For the Respondent: Mr M Shilliday, Home Office Presenting Officer

 

 

DECISION AND REASONS

 

1. The appellant is a citizen of Thailand, born on 5 March 1981.

 

2. The appellant was last admitted to the United Kingdom on 9 May 2012 on a family visit visa valid until 5 November 2012. On 18 September 2012 she sought a derivative residence card on the basis that she was the primary carer of a British citizen resident in the United Kingdom, namely her son Bobby Quinn (a minor).

 

3. That application was refused by a decision of 30 August 2013 on the basis that she had failed to demonstrate that she was the primary carer in the matter.

 

4. The appellant sought to appeal against that decision, which appeal came before First-tier Tribunal Judge Fox on 28 July 2014.

 

5. The appellant adopted her statement and gave oral evidence as did her mother-in-law Etta Quinn.

 

6. It was the finding of the Judge at paragraph 12 of the determination that it was clear from the appellant's evidence and that of the child's grandparent, that prior to the appellant's arrival in the United Kingdom they (the grandparents) were exclusively responsible for the child’s welfare and upbringing, a process which continued.

 

7. The primary challenge to the determination is that the Judge has misunderstood or misstated the evidence that had been presented by the appellant and by Etta Quinn.

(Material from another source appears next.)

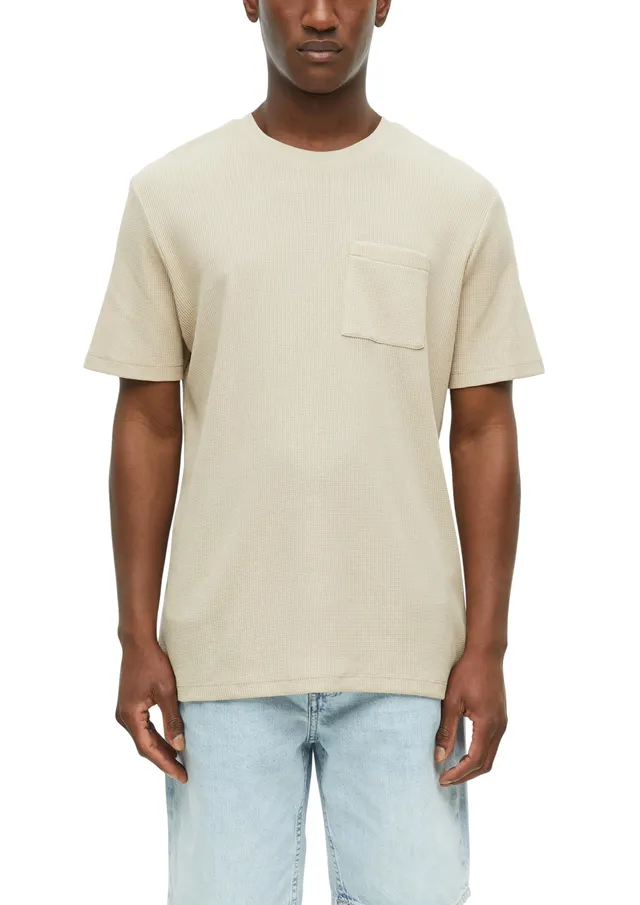 s.Oliver Junior Waffelpiqué T-Shirt beige Brusttasche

In summary, the evidence of the appellant was that prior to coming to the United Kingdom she lived with her fiancé Steven Quinn (now deceased) since 2005. Bobby was born in 2008 and thereafter he remained in Thailand. Her fiancé came to England because he had to undergo an operation. Bobby lived with him with a number of visits made to Thailand. Unfortunately in one of those visits the fiancé Steven was killed in a motorbike accident in Thailand. Thus it was that the appellant had returned to the UK with Bobby. She made it clear in her evidence, and indeed the evidence is clear from that of the grandparent that she, Bobby and the grandparents lived together and she the appellant took the primary decisions.

 

8. It was on the basis therefore that the Judge had misunderstood the evidence that grounds of appeal were lodged and permission to appeal was granted.

 

9. Mr McTaggart, who represents the appellant, invited my attention to the written evidence and presented also for my attention a note of the oral evidence that had been compiled by the solicitor in attendance at the First-tier Tribunal. It is clear and indeed most fairly accepted as being so by Mr Shilliday, who represents the respondent, that what the appellant said about her involvement and responsibility for Bobby was quite at variance with what was set out in the determination.

 

10. It was conceded by all parties that in those circumstances it was an error of law to misstate the evidence to such a degree. Accordingly the decision is set aside.

 

11. Given that further evidence may well be required and argument directed on the issue of primary responsibility and care, it is appropriate and in accordance with paragraph 7 of the Senior President's Practice Directions, that the matter be remitted to the First-tier Tribunal for a rehearing on the evidence as presented. Indeed there may need to be further or updated evidence as to the child’s progress and to the responsibility of the various parties for his upbringing.

 

12. In those circumstances therefore the appeal before the Upper Tribunal is allowed. The decision of the First-tier Tribunal shall be set aside to be made upon a subsequent rehearing.